↓↓↓

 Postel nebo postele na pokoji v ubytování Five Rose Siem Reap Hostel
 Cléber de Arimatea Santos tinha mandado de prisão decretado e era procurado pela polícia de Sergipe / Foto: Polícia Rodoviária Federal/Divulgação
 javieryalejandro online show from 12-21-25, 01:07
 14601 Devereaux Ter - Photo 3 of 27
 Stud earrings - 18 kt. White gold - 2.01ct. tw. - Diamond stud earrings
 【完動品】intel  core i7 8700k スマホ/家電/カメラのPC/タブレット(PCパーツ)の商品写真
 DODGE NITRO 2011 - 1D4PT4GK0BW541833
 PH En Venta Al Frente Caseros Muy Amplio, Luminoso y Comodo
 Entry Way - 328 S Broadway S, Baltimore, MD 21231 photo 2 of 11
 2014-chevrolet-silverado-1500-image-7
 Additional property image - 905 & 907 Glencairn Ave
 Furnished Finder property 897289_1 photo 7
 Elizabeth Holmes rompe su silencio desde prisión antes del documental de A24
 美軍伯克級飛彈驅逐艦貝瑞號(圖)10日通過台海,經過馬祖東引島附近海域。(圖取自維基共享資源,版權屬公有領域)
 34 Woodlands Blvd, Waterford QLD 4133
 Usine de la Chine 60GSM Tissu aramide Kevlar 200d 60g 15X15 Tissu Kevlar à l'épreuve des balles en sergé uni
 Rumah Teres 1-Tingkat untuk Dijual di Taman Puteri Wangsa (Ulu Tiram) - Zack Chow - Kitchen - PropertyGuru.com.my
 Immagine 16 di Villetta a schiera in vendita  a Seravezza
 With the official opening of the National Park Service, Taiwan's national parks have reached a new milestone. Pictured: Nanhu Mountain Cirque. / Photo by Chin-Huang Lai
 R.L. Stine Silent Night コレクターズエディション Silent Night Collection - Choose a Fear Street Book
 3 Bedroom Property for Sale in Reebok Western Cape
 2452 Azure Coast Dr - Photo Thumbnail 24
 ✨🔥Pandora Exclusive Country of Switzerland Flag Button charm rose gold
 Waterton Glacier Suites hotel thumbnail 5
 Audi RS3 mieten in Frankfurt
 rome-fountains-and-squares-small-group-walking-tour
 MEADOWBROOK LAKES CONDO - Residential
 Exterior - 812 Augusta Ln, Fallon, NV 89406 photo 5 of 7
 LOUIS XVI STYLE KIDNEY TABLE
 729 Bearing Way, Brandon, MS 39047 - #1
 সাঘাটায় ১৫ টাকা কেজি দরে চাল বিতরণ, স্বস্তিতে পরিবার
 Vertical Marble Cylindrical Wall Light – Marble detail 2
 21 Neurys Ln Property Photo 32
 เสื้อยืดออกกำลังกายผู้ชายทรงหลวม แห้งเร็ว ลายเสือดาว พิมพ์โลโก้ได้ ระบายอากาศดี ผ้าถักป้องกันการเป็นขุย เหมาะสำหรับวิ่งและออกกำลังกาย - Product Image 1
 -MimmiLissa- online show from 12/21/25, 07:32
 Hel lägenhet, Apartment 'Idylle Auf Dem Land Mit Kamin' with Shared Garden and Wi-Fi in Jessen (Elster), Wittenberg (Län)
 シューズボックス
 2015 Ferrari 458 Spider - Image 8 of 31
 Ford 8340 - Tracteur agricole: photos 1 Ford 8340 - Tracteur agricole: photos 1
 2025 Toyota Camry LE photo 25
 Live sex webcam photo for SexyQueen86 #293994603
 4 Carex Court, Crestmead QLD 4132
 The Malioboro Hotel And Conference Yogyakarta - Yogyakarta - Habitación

↑↑↑

> [Exercise requirements]:
Lines from the entries that contain the string "show" must be found and copied.

> [Exercise result]:
 javieryalejandro online show from 12-21-25, 01:07
 -MimmiLissa- online show from 12/21/25, 07:32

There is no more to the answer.